Premarital counseling may strengthen your bond
In many cases, the biggest goal of premarital counseling is to strengthen your connection as a couple. Marital relationships often contain many components. There can be elements of friendship, emotional and physical intimacy, and a commitment to stay together for the long term. If you have chosen to marry, you likely already have a strong bond, but counseling can make it even stronger.
Online premarital counseling
In addition to the benefits discussed above, research shows that couples who participate in premarital counseling tend to have more successful marriages, as defined by lower divorce rates. This outcome may be a product of these benefits, as the couple will likely have started the marriage better and may have the skills to effectively manage any problems that arise.
Further, having had a previous positive experience in counseling, these couples are usually more likely to return to couples counseling later in the marriage if needed. This can keep the marriage going well, potentially preventing bigger problems and divorce.
Premarital counseling can be a great investment for the future of your relationship. You may be able to find a local therapist for your premarital counseling. However, many couples that are busy with wedding planning, work, and other commitments prefer to pursue premarital counseling through online platforms or teletherapy. This can enable the couple to participate in and receive the counseling they need, but with an easy schedule and from the safety of their home environment.
One study looked at the efficacy of online couples therapy and found that it was generally just as effective as traditional face-to-face couples therapy. The online couples therapy typically had positive effects on couples’ relationship satisfaction and overall mental health.
Takeaway
Premarital counseling may help your relationship by:
- Empowering you to address any existing issues in your relationship
- Improving your communication skills
- Teaching you to argue respectfully and productively
- Giving you an opportunity to plan your future together
- Helping you discover what your marriage will look like
- Strengthening your bond with your partner
This type of counseling can be an excellent way to prepare for a happy and healthy marriage. You can find a premarital counselor online or in your local area.

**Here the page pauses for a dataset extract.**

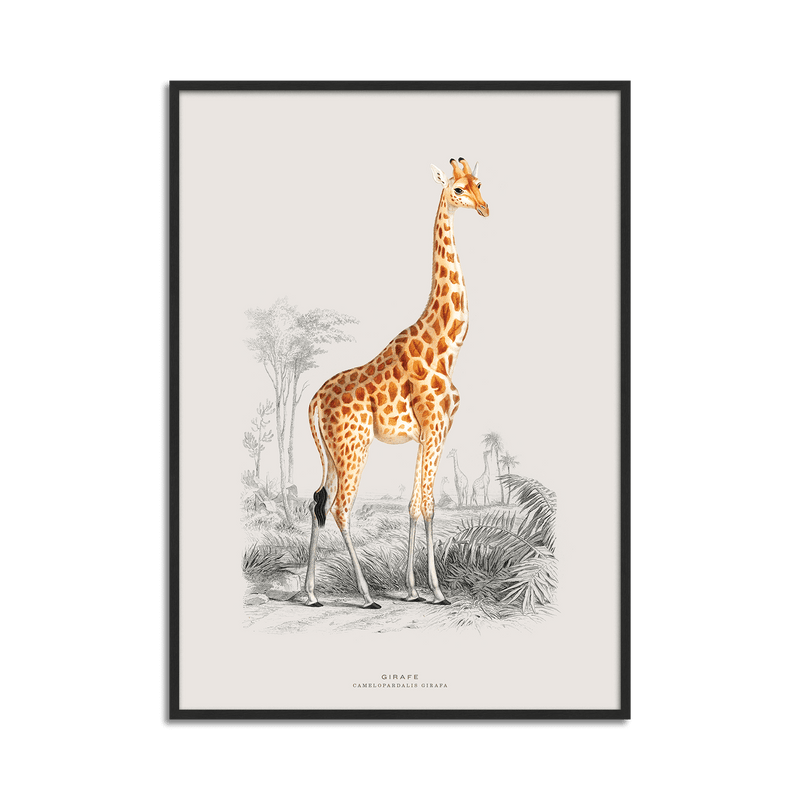 Giraffe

Frequently Asked Questions (FAQs)
What does premarital counseling do?
In general, premarital counseling helps couples prepare for marriage. Some of the things that may be discussed in premarital counseling can include:
- Finances
- Communication
- Beliefs and values
- Roles in marriage
- Affection and sex
- Desire to have children
- Family relationships
- Decision-making
- Managing anger
- Time spent together
When should you start premarital counseling?
If possible, you should generally attend premarital counseling shortly after getting engaged. However, there’s normally no wrong time to attend counseling together as a couple.
Is premarital counseling a good idea?
Premarital counseling can be a great idea if you’d like to lower the chance of divorce, improve your communication skills, and strengthen your bond as a couple.
What questions do they ask in premarital counseling?
Some of the questions that may be addressed in premarital counseling can include the following:
- What do you appreciate most about your partner and your relationship?
- Are you on the same page about having children?
- How will you handle your relationships with your families?
- What does spirituality mean to you?
- What does sex mean for both of you?
- How do you look at spending versus saving?
- How do you plan to handle your finances?
- How will you resolve future conflicts?
Is premarital counseling biblical?
Premarital counseling can be biblical if that’s your preference, but it does not have to include any religious components.
Can you do premarital counseling online?
Yes, premarital counseling can be completed through various online therapy platforms.